The empirical articles utilizing qualitative methods show low levels of dispersion, as 14 out of 15 qualitative articles rely on semi structured interviews as the main data collection technique. However, as the field of accounting in the context of family ownership moves into a more mature stage of development (Prencipe et al., 2014), novel approaches might allow new insights and a possibility to tap into existing research gaps. Gao et al. (2019) lead by example with their use of vignette-based surveys to examine differences in individual accountants’ reactions to a specific case scenario with the goal of estimating the contextual factors affecting earnings management and unethical reporting in family-owned firms. Applying this type of methodology to explore the role of accountants in family-owned firms could bring insights into situational aspects of the role and help to answer questions such as how are accountants’ actions in different roles related to accounting/organizational outcomes and is, and if so how, this relationship contingent on the ownership structure of these firms?

The use of extended or in-depth case studies that include different sources of data, e.g., interviews, observations, and documents, combined with longitudinal designs could further advance the understanding of an individual accountant’s role in family-owned firms, thus providing access to the previously discussed research void related to the development of an accountant’s role over time (c.f. Chadwick & Dawson, 2018; Hiebl, 2013b, 2015). This research design would serve well to answer broader questions such as how, when, and why accountants’ roles change in family firms and what the consequences of such changes are for these firms?

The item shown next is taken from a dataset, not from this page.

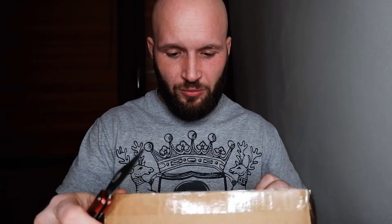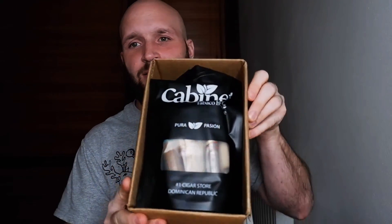Let me just cut it first — let's hope there are no surprises. It looks nicely wrapped, yes, good. First thing I noticed is it has this kind of a bag inside. I can already see there's a Boveda there, so that helps.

Finally, storytelling and narrative approaches have gradually entered the family business literature (e.g., Arteaga & Uman, 2020; Fletcher et al., 2016) and have been well represented in the field of accounting (e.g., Beattie, 2014; Beattie & Davison, 2015). While our review suggests that the field has advanced an understanding of the role, few studies delve into the accountant’s subjective experiences of recruitment and subsequent employment, being employed, or ceding their employment in family firms. Storytelling and narrative approaches could allow accountants’ “life-world perspective” to be explored and answer questions such as how do accountants experience employment in family firms and how do these experiences shape their role in these organizations?

The empirical articles utilizing quantitative methods show low dispersion, as 16 of 17 articles rely on surveys as the main data collection technique and use regressions (ordinary least squares, generalized least squares, multivariate, univariate, or logistic) to perform analyses. Reliance on surveys as a primary method of data collection might have advantages, but this type of design usually suffers from respondent biases and endogeneity (cf. Maine et al., 2022). One way forward and a partial remedy to the aforementioned issues associated with surveys could be the use of a survey in combination with archival data (Grafton et al., 2011). Reliance on mixed methods of inquiry could thus provide an opportunity to explore more complex research questions such as how accountants and their role in family firms (self- or externally assessed) are reflected in (archival data sourced) accounting outcomes?

Further methodological advancements in the field could be achieved by introducing structural equation modelling (SEM) and qualitative comparative analysis (QCA). Used to explain the relationships between multiple different variables (constructs) and to examine structural interrelations (Hair, 2019), SEM has been successfully utilized in operations management and management accounting research (e.g., Peng & Lai, 2012 and Nitzl, 2016). SEM could be useful for examining the intervening processes taking place between individual accountants and other members of organizations, particularly owners. This type of inquiry could answer questions such as how an individual accountant’s characteristics impact his/her relations with the firm owner and how such a relationship in turn is reflected in the family firm’s accounting choices.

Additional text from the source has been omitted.